In a nutshell, brands are no longer able to force a user to “like” their page to enter contests or to receive incentives.
Rudi Leung, general manager of Social@Ogilvy, regards the new policy as a “positive change” for not only brands, but also agencies.
“As Facebook users are moving away from desktop to mobile, the Like-Gate tactic will be obsoleted sooner or later anyway.
“A lot of brand pages have been relying on the Like-Gate tactic to acquire new fans. From now on, they need to give a stronger reason to make someone liking their page.”
Apparently, Facebook is now looking for true love, and so should brands, Leung stressed.
“As a brand, you should also give true love back to your customers rather than just wanting to acquire a huge volume of them without building a genuine relationship.
“A lot of marketers are still living in the reach/broadcast mindset from the past. When it comes to social media, all they care is how many people they can reach, how far they can amplify their marketing message.

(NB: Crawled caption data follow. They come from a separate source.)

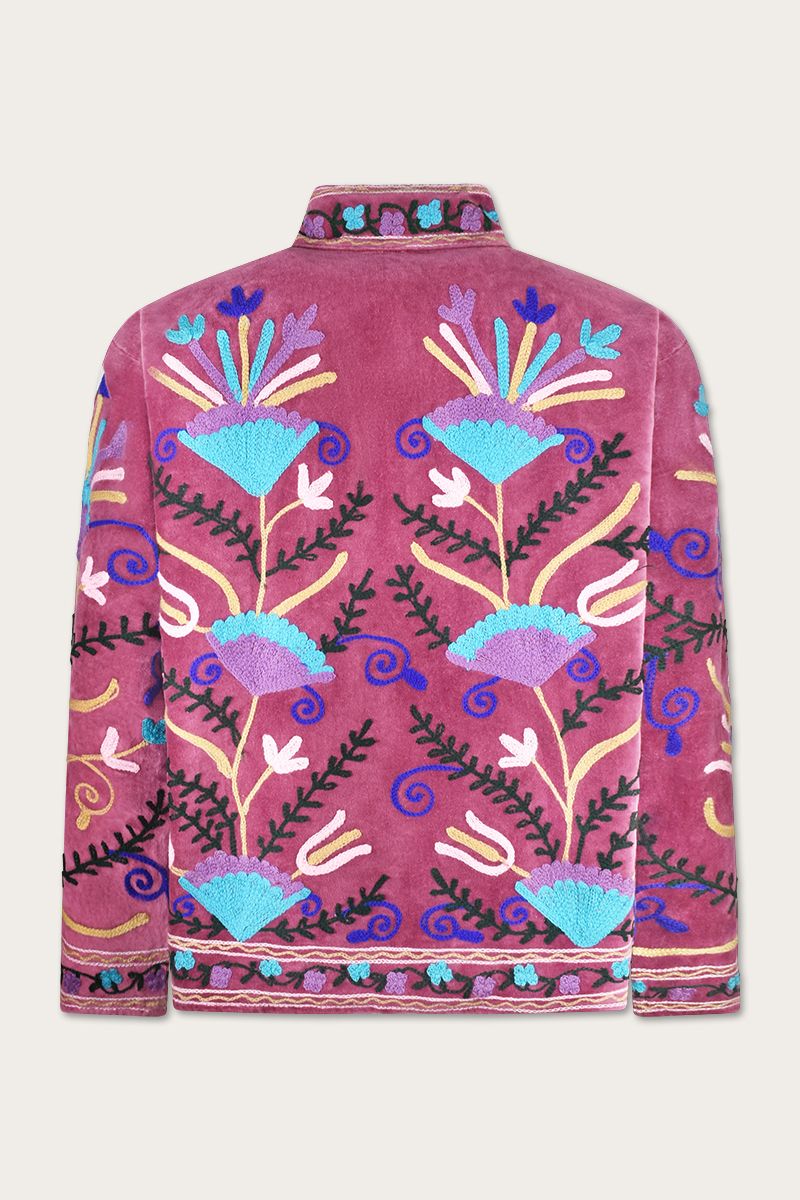 Embroidery jacket – Purple with floral Suzani embroidery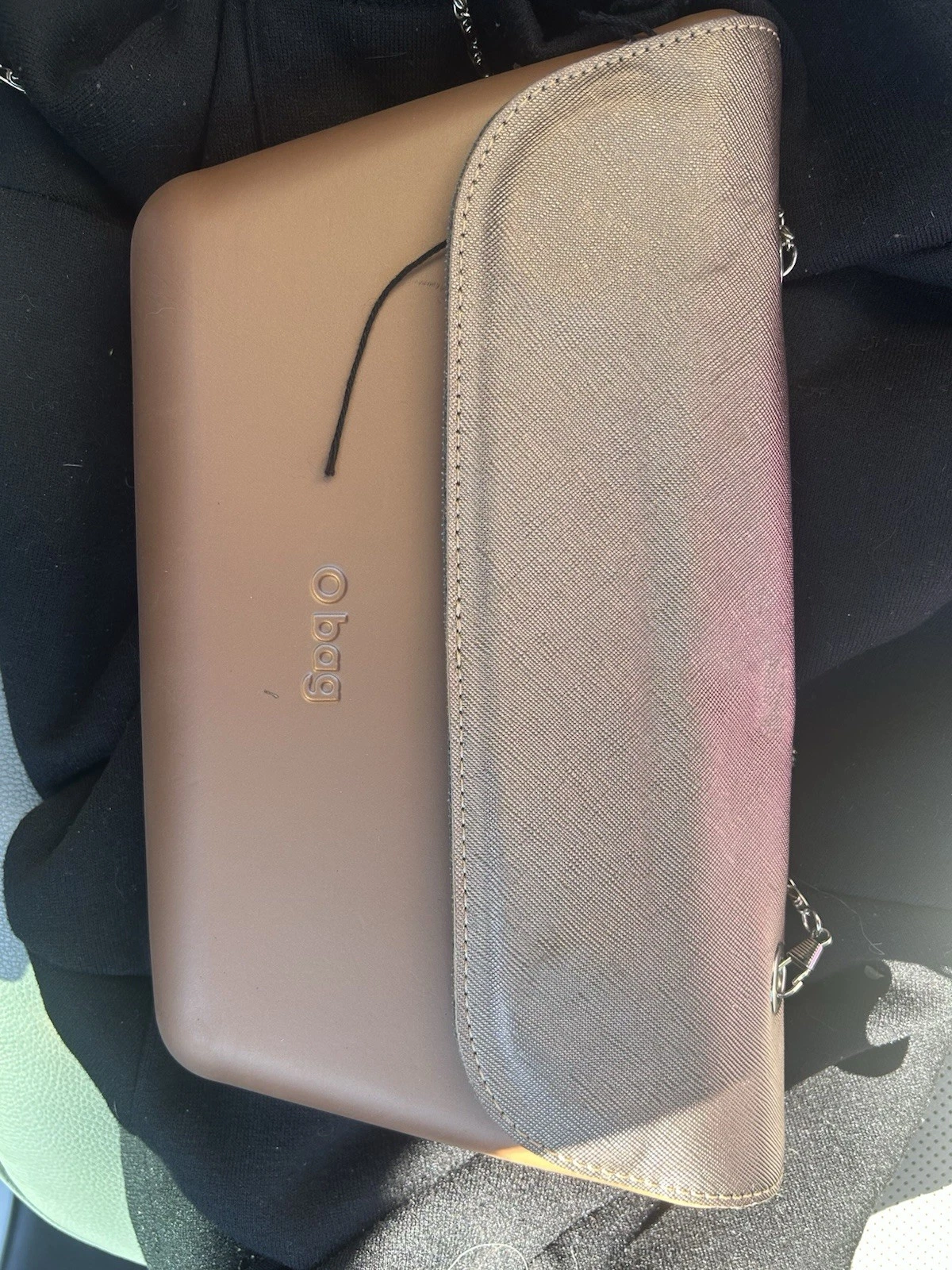 O bag Crossbody Purse Tan EVA Body w/Metallic Taupe Saffiano Flap Silver Strap - O Bag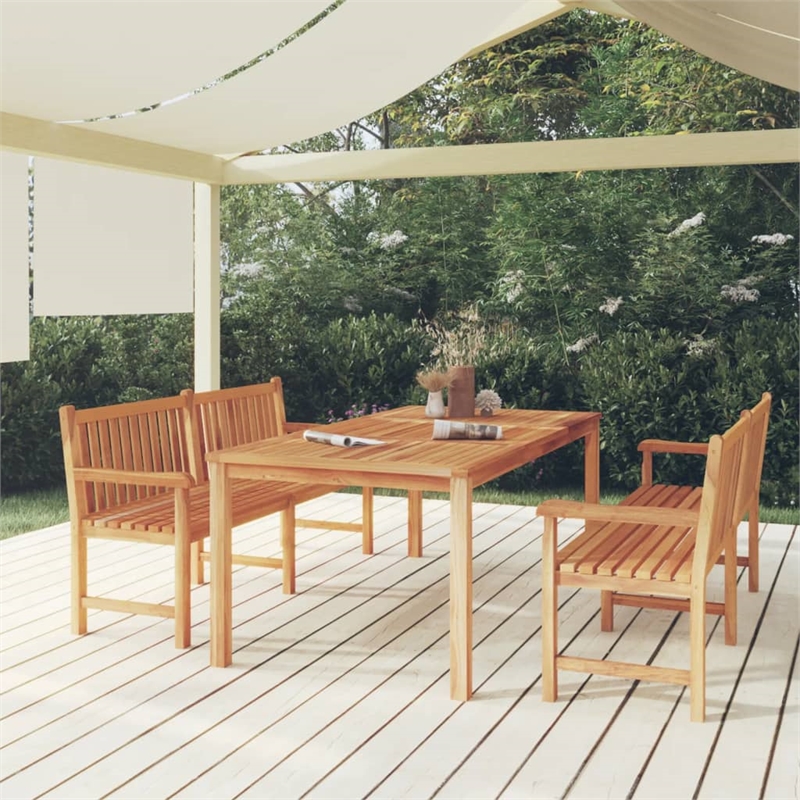 vidaXL Teak Wood Large Durable Garden Dining Set in Brown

“From now on, they should stop just counting the numbers of customers that they can reach. Instead, they should start considering to reach the customers that count.”
Mark Chan, managing partner of CMRS, considers the policy a reasonable one because it allows a “grace period” for app developers and marketers to adjust their Facebook strategies.
“It affects most of the local marketers I believe, as they tend to do fan acquisition through giveaways or incentives,” Chan said.
“Now they have to look into how to connect with the fans, who are ideally the brand lovers and advocates, customers or potential customers, by portraying the brand story through the right content.”
He said it had been observed that many brand pages were able to acquire fans, but were not engaging and responding to fans and, more importantly, not doing advocacy for their pages or the brands.
“I believe only genuine fans are useful to brands. Hence, the new rules will restrict those who are chasing after sheer ‘like’ numbers, but not the quality of fans.”
With this golden gate for “likes” demolished, where should brands look ahead?
“Social media is all about building relationships,” said Leung, “so consider your fans on Facebook an extension of your CRM practice. Pampering them consistently rather than feeding them like zombies with random incentives.
“Don’t invest in Facebook media only during a campaign period. Consider an always-on Facebook media strategy for fan acquisition. Have a long-term strategy rather than a tactical one.”
Ben Woo, project director of Pixo Punch, agreed on the value of maintaining quality content, but stressed the importance to beef up investment in the social space.
“Given the organic reach for wall contents is dropping occasionally, the only way out would be allocating a larger budget on social ads placement, and increasing ad spending to maintain the reach and attract new fans,” Woo said.
“Marketers should also redefine the KPI for maintaining the page, they should no longer cherish only the number of fans, but more on the engagement of each piece of content.”